Schwäbische Zeitung (Laupheim)
Wunschzettel für das Amtsgericht
Richter und Rechtspfleger in Neu-Ulm sind chronisch überlastet - Doch neue Stellen sind derzeit nicht in Aussicht – und auch die geplanten Haftzellen im Haus lassen auf sich warten
NEU-ULM - Alle 73 Amtsgerichte in Bayern klappert Ministerialdirektor Frank Arloth derzeit ab, um sich ein Bild vom Zustand der Behörden zu machen. Das Justizzentrum in der Schützenstraße in Neu-Ulm war die Nummer 59 auf seiner Tour.
Was er dort am Dienstag sah, stellte ihn durchaus zufrieden: „Ich habe ein gut funktionierendes Gericht mit einem sehr guten Arbeitsklima erlebt“, sagte der Amtschef des bayerischen Justizministeriums nach seinem Rundgang und einem Gespräch mit Amtsgerichtsdirektor Thomas Mayer. Er schränkte jedoch ein: „Aber mit einer sehr angespannten Personalsituation und beengten Räumen.“
Die Arbeitsbelastung an den Gerichten ist bayernweit sehr hoch, in Neu-Ulm allerdings überdurchschnittlich, wie sich aus der Personalbedarfsberechnung des Ministeriums ergibt. Sie liegt am Amtsgericht bei 118 Prozent, das heißt, die Neu-Ulmer Richter liegen 18 Prozent über Soll. In ganz Bayern sind es durchschnittlich zehn Prozent.
In der Dienststelle in der Schützenstraße arbeiten 14 Richter, die Zahl der Stellen beträgt 12,25. „Ein Richter fehlt im Prinzip“, räumte Frank Arloth ein. Allzu schnelle Abhilfe stellte er aber nicht in Aussicht, weil die Personalsituation in der gesamten Justiz angespannt sei. Das liege auch an neuen Aufgaben, die hinzugekommen seien, etwa der Bereich Vermögensabschöpfung.
Über ein Beispiel aus der Praxis berichtete Direktor Thomas Mayer – „Zwangsfixierungen von Leuten“. Nach einem Urteil des Bundesverfassungsgerichts vom Sommer dieses Jahres gebe es derzeit eine unklare Rechtslage. Die Karlsruher Richter hatten entschieden, dass eine bestimmte Form der Fixierung von zwangseingewiesenen Psychiatriepatienten von einem Richter genehmigt werden muss, wenn sie länger als eine halbe Stunde dauert.

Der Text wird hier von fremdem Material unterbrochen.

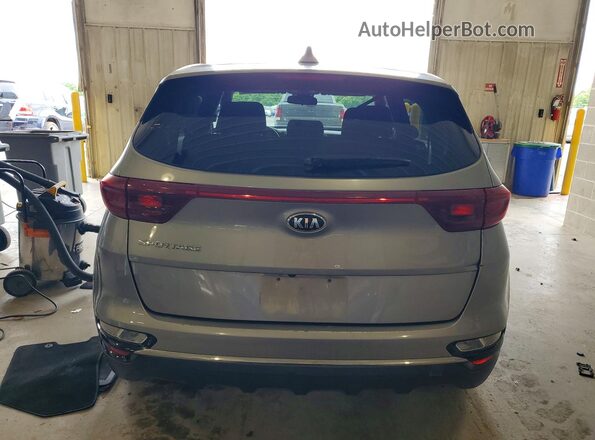KNDPM3ACXL7687044 2020 KIA SPORTAGE Silver Widok z tyłu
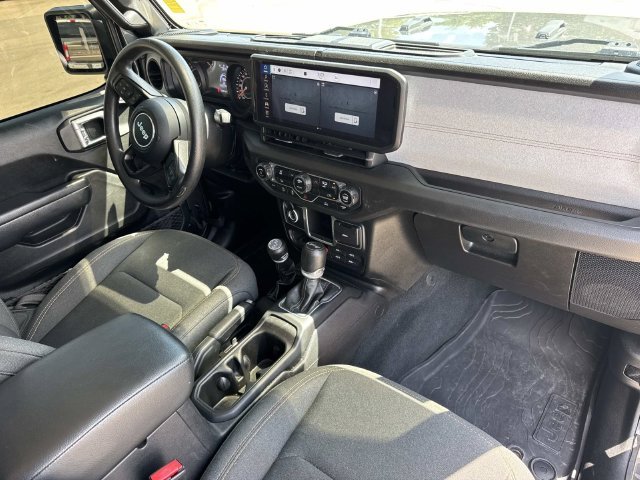 Used 2024 Gray Jeep Sport image 37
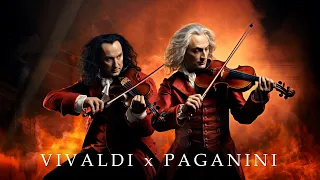 Vivaldi vs Paganini: Clash of the Titans in Violin Mastery | The Best Classical Violin Music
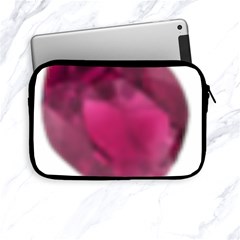 Fun Fuschia Apple Ipad Mini Zipper Cases by Janetaudreywilson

Deshalb mussten die Länder einen richterlichen Bereitschaftsdienst einrichten. „Das betrifft uns massiv“, sagte Mayer.
Die Richter seien stundenlang unterwegs, teils bis tief in die Nacht. Ob sich das Urteil auch auf andere Bereiche außerhalb der öffentlich-rechtlichen Unterbringung auswirkt, ist umstritten. „Aus unserer Sicht ist der Bundesgesetzgeber gefordert“, sagte Frank Arloth.
Noch schlimmer als bei den Richtern ist die Lage bei den Rechtspflegern. Die Beamten, die sich beispielsweise mit Nachlässen, Zwangsversteigerungen und Insolvenzen beschäftigen, arbeiten laut Thomas Mayer in Neu-Ulm 35 bis 40 Prozent über Soll. „Da kann es sein, dass wir kurzfristig helfen“, sagte Ministerialdirektor Arloth.
Ein anderer Wunsch, den Thomas Mayer auf dem Zettel hat, lasse sich hingegen erst mittelfristig angehen. Der Direktor würde im Gerichtsgebäude gerne zwei Haftzellen unterbringen – für Strafgefangene, die aus einer Justizvollzugsanstalt vorgeführt werden. Das würde auch der Entlastung der Neu-Ulmer Polizei dienen, die sonst jedes Mal Beamte zur Überwachung abstellen muss. Für die Zellen könnten beispielsweise Büros umgebaut werden, die dann anderweitig untergebracht werden müssten. Geschätzte Umbaukosten: 500 000 Euro. „Die liegen bei uns nicht auf der hohen Kante“, betonte Frank Arloth. Das Amtsgericht Günzburg aber, das 2016 in ein neues Gebäude zog, verfügt über zwei Haftzellen – deshalb hätte Mayer auch gern welche.